Champions of Bay’s beaches

Written by Kerrie Alexander

Hervey Bay is well-known for its beautiful stretch of ocean front with calm waters that are a much-loved playground for thousands of visitors and locals alike.

However, where there is water, there is always risk!

That’s why it’s so important to have the Hervey Bay Surf Lifesaving Club members patrolling our beaches and keeping the community safe, said President Darren Everard.

Surf lifesavers are usually first on the scene for aquatic rescues, providing first aid and emergency care and educating the public about the dangers of the surf and our local waters.

The beach also acts as classroom for the hundreds of Nippers who sign on for the junior program each year.
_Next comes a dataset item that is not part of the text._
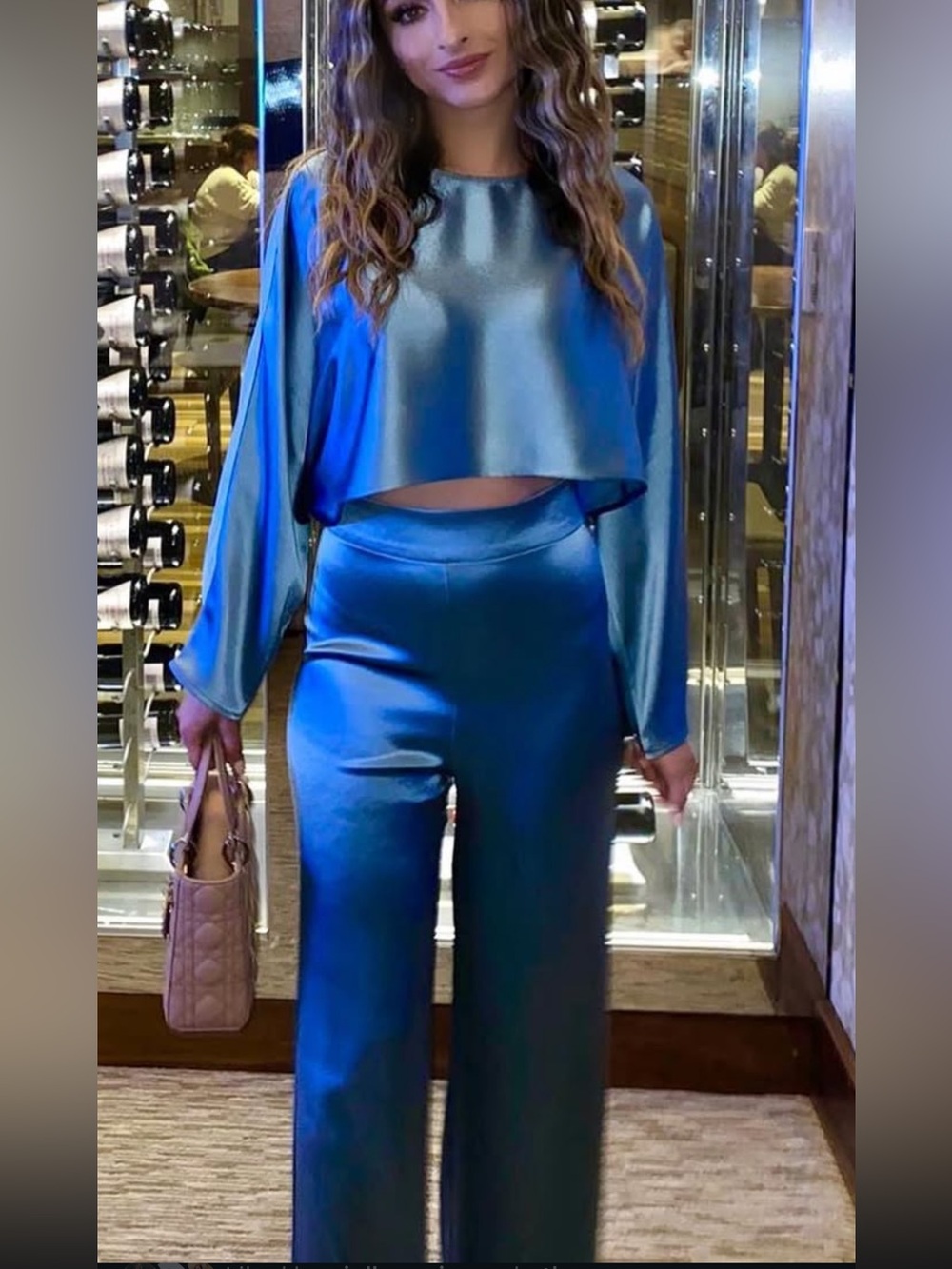 Blue Satin Wide-Leg Pants and top set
The Nippers gain confidence by passing the tests of swimming, board riding, beach sprints, dolphin-diving, spotting a rip, having fun with new friends and discovering things about themselves.
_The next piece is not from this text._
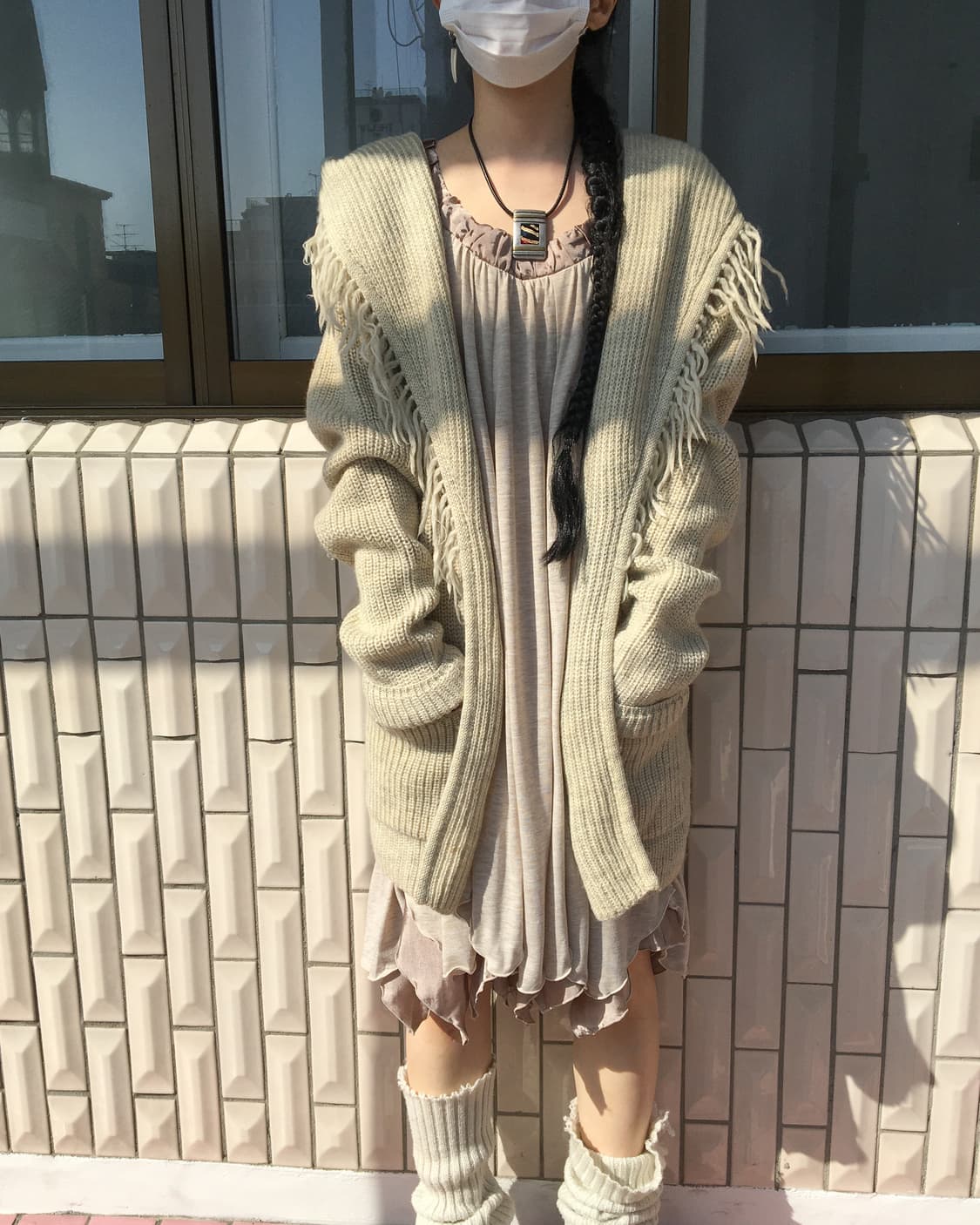 Fringe point hood open knit cardigan 상품이미지5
All under the guidance of their age managers.

“Our main aim is to ensure we work towards Surf Life Saving Queensland’s aim of Zero Preventable Deaths on Queensland’s public water ways,” Darren said.

“But for me as president, I am focused on two things; ensuring that the junior members of our club are given the opportunity to gain skills and confidence to assist them later in their lives and making sure that the Hervey Bay Surf Lifesaving Club has a sustainable and successful future as the guardians of our beach in Hervey Bay.”

Surf Lifesaving is an iconic Australian institution that ensures the red and yellow flags go up for 33 weeks of the year on Saturday afternoons, all day Sunday and every public holiday.

To do that, Darren said more active patrolling members are needed to join the ranks.

The passionate president has been involved with the Bay club for over 20 years and in 12 years as a patrolling member, has clocked up over 1030 patrol hours spent standing between the flags, plus countless hours, undertaking water safety, bar and committee duties.

It takes a big commitment but, he said, the cause is well worth the effort.

“Personally, for me it is about the positive outcomes of being there to assist somebody when they get into trouble.

“Thank God for me there has always been a positive outcome. God willing there will always be a rescue and never a recovery.

“On the weekend we had a report of a lost child before we had started patrol and we had a parent show up at the club asking for help, and we assisted.

“In a very short period, we had members assisting the family and the child was found.

“The father was grateful, and he could not believe how fast we got involved.”

Darren said there are many opportunities for Fraser Coast residents to actively support the club.

“We would love to hear from members of the community who have a surf lifesaving background, and who are willing to comply with the modern requirements and give a little back so we can foster and create a surf club culture on a beach with our waves!

“We also encourage our patrolling members to get involved around the club and as we speak, we have a strong masters team forming, which is great.

“We are hoping our younger members will see our masters train and encourage their parents to get involved and sign up for their Bronze Medallion so we can grow our patrolling group and become more sustainable in this area.”

Parents of Nippers can also play an integral part in their child’s success as a future guardian of the Bay’s beaches.

The Nippers program is currently full; however, applications will open next season on August 1 and close on August 30.

“If you are a parent of one of our Nippers you are required to sign up for a task and assist … we want your children to see their parents involved and from my point of view I want the parent to invest in their children’s future.

“It will be the best investment a parent can make as it will benefit their child and family into the future.”